Между тем далеко не все смыслы «однорукого концерта» лежат на поверхности и понятны нам даже сегодня. Достаточно сказать, что тень «Огненного ангела», опаляющая Третью симфонию, заметна и на многих страницах Четвёртого фортепианного концерта. Тема второй его части (Andante) представляется связанной с темами, звукописующими в опере возвышенные лирические и мистические переживания, начало же третьей части (Moderate) кажется чуть не цитатой из оркестрового перехода от сцены вызывания духов к разговору Ренаты и Мадиэля об обманувших их «таинственных стуках» в стене. Как и «Огненный ангел», Четвёртый концерт прозвучал только после смерти Прокофьева.

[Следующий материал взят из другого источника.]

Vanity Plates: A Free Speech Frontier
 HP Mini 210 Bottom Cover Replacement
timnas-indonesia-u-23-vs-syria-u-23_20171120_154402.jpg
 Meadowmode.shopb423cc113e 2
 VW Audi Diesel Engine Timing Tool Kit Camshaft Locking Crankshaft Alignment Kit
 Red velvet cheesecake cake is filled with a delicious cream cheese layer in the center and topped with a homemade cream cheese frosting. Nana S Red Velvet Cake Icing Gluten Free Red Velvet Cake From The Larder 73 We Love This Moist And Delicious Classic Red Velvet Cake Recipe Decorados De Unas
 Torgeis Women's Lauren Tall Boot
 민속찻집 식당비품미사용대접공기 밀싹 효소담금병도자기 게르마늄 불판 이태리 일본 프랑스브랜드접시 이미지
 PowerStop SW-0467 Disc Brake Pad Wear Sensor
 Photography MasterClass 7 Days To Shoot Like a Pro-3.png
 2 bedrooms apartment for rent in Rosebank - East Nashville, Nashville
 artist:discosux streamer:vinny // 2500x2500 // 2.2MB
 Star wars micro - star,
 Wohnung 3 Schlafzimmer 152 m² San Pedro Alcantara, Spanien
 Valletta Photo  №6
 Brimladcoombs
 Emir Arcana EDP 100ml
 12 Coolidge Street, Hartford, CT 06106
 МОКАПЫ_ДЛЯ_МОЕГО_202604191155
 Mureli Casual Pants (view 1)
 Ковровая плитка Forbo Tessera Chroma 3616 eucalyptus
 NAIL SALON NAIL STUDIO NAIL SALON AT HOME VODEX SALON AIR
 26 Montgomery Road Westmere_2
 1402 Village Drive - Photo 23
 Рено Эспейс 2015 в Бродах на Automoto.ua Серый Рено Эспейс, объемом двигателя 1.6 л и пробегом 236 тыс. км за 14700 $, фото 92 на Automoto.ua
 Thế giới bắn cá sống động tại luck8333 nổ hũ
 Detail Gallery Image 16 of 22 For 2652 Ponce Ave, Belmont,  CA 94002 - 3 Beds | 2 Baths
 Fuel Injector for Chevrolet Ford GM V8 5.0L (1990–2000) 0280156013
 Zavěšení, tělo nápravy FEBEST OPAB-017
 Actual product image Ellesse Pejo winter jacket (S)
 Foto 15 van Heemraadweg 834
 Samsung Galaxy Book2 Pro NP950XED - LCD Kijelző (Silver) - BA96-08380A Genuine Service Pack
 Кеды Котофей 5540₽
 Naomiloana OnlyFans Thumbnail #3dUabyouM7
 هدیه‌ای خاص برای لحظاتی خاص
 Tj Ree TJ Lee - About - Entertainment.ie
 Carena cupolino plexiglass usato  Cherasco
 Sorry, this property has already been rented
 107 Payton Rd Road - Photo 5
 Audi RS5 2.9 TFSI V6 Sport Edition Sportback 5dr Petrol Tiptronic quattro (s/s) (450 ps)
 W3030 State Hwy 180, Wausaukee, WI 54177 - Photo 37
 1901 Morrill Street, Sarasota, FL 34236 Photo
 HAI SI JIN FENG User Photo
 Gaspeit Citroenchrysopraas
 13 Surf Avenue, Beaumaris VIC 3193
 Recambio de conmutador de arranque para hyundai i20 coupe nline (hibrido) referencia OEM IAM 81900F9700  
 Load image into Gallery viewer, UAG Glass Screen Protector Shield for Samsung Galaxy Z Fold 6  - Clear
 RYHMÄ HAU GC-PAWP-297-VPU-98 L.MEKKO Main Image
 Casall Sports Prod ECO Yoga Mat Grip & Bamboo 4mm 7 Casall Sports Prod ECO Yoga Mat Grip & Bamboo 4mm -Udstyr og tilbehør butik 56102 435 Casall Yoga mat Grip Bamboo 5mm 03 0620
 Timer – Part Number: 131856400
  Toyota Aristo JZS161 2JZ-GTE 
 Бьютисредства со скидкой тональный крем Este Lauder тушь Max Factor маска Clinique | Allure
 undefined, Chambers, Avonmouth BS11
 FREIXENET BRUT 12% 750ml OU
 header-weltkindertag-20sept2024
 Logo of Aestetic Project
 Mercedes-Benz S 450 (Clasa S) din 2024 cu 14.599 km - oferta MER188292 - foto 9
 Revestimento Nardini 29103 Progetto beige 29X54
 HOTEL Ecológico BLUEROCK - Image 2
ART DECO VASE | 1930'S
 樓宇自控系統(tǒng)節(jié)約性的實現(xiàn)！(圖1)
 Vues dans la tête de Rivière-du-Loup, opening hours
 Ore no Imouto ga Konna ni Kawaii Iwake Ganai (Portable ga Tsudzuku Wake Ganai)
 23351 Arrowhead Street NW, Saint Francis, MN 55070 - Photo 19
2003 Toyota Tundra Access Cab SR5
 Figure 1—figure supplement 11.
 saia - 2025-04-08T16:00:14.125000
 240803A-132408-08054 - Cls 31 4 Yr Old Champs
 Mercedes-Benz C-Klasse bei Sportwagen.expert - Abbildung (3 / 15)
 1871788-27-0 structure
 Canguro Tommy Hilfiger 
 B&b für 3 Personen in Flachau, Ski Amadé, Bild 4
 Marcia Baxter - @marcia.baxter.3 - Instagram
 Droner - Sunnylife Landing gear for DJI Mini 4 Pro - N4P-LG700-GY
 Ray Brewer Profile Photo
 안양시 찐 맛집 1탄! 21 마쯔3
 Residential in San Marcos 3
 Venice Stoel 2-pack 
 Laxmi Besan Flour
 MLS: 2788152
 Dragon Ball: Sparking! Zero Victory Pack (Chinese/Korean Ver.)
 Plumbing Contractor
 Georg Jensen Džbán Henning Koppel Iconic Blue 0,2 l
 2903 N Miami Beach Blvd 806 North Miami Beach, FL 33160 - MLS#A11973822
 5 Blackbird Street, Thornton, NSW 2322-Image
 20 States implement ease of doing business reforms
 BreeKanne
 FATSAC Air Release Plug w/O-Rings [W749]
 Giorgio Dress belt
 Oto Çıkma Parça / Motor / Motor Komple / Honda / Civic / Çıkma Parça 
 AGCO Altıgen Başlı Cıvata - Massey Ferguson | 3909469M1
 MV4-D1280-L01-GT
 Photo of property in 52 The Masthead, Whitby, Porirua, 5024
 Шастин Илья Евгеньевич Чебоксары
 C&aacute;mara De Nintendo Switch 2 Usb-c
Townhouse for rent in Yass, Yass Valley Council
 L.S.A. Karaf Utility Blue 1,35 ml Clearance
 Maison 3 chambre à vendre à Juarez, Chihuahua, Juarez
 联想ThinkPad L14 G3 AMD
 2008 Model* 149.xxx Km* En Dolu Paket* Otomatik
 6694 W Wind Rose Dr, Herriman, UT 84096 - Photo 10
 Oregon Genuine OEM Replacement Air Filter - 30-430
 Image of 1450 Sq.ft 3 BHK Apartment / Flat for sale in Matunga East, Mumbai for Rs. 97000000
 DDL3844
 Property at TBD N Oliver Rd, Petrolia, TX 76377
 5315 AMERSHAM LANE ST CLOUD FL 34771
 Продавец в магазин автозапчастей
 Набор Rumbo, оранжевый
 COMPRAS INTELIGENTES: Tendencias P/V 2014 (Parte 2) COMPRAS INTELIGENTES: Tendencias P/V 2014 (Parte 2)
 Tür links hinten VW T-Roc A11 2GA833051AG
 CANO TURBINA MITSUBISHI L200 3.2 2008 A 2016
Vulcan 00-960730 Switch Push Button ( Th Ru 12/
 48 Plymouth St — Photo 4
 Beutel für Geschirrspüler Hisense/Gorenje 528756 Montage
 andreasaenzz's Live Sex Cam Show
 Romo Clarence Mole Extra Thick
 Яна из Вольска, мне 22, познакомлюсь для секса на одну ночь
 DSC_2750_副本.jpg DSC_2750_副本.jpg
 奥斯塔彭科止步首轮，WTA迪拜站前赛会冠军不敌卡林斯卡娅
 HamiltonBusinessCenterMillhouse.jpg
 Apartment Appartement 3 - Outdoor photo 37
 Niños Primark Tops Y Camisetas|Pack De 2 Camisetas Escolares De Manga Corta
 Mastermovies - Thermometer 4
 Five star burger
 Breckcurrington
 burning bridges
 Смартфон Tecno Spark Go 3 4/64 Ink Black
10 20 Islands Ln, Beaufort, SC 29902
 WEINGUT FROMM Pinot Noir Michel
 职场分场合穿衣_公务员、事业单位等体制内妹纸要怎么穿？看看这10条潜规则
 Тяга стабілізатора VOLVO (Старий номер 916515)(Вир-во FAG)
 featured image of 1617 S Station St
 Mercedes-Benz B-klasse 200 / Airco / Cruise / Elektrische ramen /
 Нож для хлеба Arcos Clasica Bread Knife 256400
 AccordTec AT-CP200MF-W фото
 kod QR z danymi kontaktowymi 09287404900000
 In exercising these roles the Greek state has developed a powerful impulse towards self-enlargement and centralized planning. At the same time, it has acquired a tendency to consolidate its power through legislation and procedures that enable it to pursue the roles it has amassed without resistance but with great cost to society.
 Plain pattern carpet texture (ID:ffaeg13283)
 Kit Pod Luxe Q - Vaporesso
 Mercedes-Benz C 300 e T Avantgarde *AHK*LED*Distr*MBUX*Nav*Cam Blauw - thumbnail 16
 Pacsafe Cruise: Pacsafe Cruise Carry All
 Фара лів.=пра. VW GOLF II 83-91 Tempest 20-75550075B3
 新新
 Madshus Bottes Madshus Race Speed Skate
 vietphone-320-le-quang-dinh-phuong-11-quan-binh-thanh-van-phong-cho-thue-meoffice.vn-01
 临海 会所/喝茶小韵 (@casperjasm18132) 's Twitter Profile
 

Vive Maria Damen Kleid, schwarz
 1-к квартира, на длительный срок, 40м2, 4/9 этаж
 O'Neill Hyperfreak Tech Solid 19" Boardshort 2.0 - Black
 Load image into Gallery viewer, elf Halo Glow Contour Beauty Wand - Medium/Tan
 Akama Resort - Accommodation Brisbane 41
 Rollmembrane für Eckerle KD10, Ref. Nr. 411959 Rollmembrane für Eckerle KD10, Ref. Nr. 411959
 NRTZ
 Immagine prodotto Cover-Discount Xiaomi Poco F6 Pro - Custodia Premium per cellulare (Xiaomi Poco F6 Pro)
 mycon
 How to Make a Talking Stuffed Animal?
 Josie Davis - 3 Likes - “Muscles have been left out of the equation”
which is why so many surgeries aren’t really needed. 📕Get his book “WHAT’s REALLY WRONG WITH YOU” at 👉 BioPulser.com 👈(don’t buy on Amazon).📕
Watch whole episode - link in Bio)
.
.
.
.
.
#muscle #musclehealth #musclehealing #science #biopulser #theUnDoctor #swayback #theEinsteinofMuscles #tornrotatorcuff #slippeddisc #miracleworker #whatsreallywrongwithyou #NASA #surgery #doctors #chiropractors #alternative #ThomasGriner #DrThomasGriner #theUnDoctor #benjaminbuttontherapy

Куда лучшая участь ждала Пятый фортепианный концерт, сочинённый с расчётом на себя самого как исполнителя — в долгом напрасном ожидании премьеры Четвёртого леворучного. В уже упомянутом письме к Дукельскому от 3 июня 1932 года композитор сообщал, что концерт «будет носить название «Музыка для фортепиано с оркестром», оп. 55, не потому, что эта вещь недостаточно концертна, но чтобы не ставить слишком много номеров». В ответ на ехидные замечания другого корреспондента, Мясковского, о «кшенекьянстве» и «хиндемитчине», послышавшихся ему в названии (Прокофьев контраргументировал их отсылкой к Моцарту, чью «Маленькую ночную музыку» мы привыкли по-русски именовать «Серенадой»), наш герой, в конце концов, согласился дать концерту его законный порядковый номер — Пятый. Как он разъяснял в «Автобиографии», задачей вещи была «новая простота, с новыми приёмами и главное новыми интонациями», оборачивавшаяся совсем не общедоступностью, а новым интеллектуализмом. Вильгельм Фуртвенглер, 31 октября 1932 года дирижировавший в Берлине премьерой, сказал композитору, севшему за рояль, что партитура «трудна», но «каждый из нас постарается работать как можно лучше».